I don’t even have to think about my answer. There’s close competition from Jeff and Tim Buckley, and I always had kind of a crush on Philip Seymour Hoffman, but give me Franz Liszt circa 1840 and all others pale by comparison.

Hungarian composer Franz Liszt (1811–1886). Be honest: you wouldn't kick him out of bed on a cold night.

Hungarian composer and virtuoso pianist Franz Liszt (1811–1886). Be honest: you wouldn’t kick him out of bed on a cold night.

 

(Editor’s note: This is the post that immediately loses me all the new subscribers I picked up yesterday… It’s mostly an extravagant preamble, an Oscar Wilde-style ‘eloquent circumlocution’ if you like, to point you towards my new page – up above – called ‘Music to Write to, which I hope you’ll take a gander at, even if you drop out HERE and read no further…)

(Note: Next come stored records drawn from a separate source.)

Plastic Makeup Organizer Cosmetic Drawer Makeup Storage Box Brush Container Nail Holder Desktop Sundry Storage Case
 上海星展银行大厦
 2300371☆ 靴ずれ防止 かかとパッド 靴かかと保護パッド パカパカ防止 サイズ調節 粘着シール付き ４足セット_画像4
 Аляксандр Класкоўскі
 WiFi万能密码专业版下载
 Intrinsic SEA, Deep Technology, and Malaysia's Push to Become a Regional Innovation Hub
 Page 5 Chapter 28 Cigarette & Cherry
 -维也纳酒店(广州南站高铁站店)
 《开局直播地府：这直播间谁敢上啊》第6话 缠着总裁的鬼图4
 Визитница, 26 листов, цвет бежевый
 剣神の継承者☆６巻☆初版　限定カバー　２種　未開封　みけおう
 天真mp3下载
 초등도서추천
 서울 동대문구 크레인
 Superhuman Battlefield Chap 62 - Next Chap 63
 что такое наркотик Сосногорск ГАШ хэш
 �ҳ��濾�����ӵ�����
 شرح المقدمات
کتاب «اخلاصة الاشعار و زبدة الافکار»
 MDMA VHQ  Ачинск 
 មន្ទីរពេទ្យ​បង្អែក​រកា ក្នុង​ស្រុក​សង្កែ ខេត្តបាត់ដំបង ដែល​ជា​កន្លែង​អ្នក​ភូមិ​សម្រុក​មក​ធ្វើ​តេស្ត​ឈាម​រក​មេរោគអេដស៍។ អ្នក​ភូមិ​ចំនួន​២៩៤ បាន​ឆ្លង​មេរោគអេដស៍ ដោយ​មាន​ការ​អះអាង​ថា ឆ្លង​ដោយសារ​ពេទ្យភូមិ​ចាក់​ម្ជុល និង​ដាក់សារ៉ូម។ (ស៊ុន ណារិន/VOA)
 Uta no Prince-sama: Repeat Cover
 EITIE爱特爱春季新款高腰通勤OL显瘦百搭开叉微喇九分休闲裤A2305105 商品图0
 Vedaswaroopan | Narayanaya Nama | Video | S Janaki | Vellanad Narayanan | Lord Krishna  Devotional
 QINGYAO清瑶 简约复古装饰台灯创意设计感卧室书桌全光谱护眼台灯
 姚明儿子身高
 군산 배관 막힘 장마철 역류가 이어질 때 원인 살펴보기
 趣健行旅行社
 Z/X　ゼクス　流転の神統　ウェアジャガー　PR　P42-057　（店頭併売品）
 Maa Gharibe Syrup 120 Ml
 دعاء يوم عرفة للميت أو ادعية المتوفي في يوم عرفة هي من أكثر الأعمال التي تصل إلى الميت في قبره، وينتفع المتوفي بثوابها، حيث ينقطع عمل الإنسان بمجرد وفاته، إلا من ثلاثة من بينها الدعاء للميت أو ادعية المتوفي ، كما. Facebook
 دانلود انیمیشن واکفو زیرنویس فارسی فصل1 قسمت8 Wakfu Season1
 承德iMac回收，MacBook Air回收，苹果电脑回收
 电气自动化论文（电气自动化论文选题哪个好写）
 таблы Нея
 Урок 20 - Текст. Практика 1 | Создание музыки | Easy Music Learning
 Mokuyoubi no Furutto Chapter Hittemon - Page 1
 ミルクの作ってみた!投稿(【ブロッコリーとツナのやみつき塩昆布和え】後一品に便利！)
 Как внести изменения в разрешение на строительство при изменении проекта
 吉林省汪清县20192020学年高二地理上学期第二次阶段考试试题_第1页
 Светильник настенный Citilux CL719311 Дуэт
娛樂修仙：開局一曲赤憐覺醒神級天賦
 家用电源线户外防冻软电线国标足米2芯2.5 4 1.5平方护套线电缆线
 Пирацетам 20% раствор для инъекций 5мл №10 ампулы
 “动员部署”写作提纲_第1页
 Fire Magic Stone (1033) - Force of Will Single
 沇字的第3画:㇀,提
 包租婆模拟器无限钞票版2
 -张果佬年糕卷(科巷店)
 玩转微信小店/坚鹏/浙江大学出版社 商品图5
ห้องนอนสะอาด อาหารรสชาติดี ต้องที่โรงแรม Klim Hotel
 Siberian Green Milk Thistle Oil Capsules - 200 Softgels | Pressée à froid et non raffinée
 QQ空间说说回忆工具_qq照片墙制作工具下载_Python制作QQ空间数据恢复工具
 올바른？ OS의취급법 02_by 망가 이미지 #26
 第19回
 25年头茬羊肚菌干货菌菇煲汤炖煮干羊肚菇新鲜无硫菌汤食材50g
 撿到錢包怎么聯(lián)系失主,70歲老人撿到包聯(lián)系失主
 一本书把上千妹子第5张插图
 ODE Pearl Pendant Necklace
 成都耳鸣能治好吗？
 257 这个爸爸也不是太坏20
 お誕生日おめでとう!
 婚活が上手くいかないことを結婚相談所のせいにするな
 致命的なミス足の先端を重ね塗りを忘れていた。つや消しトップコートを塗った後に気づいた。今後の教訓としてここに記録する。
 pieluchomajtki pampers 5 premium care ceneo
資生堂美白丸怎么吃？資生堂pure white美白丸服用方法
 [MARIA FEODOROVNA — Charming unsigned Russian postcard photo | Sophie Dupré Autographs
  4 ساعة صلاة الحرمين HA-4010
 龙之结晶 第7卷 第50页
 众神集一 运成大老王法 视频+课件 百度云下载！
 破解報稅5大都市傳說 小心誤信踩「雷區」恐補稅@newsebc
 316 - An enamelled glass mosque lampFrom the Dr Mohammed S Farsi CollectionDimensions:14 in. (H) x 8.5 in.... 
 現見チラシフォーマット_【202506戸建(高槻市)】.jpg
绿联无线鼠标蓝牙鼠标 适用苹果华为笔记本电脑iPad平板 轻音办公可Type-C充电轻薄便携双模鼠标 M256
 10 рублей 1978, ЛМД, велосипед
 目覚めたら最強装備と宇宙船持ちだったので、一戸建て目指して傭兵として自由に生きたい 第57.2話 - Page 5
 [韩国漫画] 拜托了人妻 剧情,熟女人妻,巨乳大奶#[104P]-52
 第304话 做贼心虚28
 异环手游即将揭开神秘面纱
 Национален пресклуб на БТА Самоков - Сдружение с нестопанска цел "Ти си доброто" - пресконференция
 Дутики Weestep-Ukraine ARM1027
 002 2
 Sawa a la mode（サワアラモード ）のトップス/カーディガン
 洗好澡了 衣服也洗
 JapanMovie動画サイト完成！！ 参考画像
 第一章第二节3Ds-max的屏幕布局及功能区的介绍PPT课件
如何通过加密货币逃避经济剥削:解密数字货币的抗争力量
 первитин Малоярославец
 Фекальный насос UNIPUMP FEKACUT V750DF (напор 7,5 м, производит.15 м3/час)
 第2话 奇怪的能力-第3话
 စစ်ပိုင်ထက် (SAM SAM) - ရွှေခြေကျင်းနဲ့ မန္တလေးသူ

Liszt was a rock god before rock gods were invented. Women collected the butts of his cigars and wore them on chains around their necks. They swooned at concerts. They abandoned their husbands for him. They wrote novels about him. I’m certain they’d have thrown their knickers at him if not for the peskily-awkward nature of Victorian fashion.

And did all this adulation turn Liszt into a massive cock?

Well, probably. At first. But he was also (Lynsey pulls sad face) devoutly religious (except for the ‘thou shalt not fornicate bit’; but if you look like Liszt and you play piano like Liszt and you don’t fornicate, you’re certifiably insane I reckon. Even God on his cloud was, like, ‘eh, go on, then, ya scallywag’.) He was a bit of a Big Head, it has to be said: ‘Génie oblige!’ was one of his sayings – nothing to do with a man in silk trousers granting you three wishes, but rather a twist on the ‘noblesse oblige‘ idea that those with money and power were meant to do their bloody bit for others. Likewise, those who were… well, geniuses (oh go on, let him off; he was a genius) were required to step up and… um… share themselves. (All credit to Liszt, he did share himself admirably well.) Génie Oblige finds its contemporary expression in Spiderman’s dictum that ‘with great power comes great responsibility’. Bet you never thought Liszt and Spiderman would be likely bedfellows, but there you are. We none of us know what life (or, indeed, this blog) will bring our way.

The man in action.

The man in action.

 

All of which is a STUNNINGLY LONG-WINDED way of saying that Liszt played his concerts for free.

For free.

That’s right. Just like the millionaire rock stars of today, who feel they probably have enough money already (how many houses, helicopters, pool tables, swimming pools, etc, does one rock star need?) and they want to thank their fans by…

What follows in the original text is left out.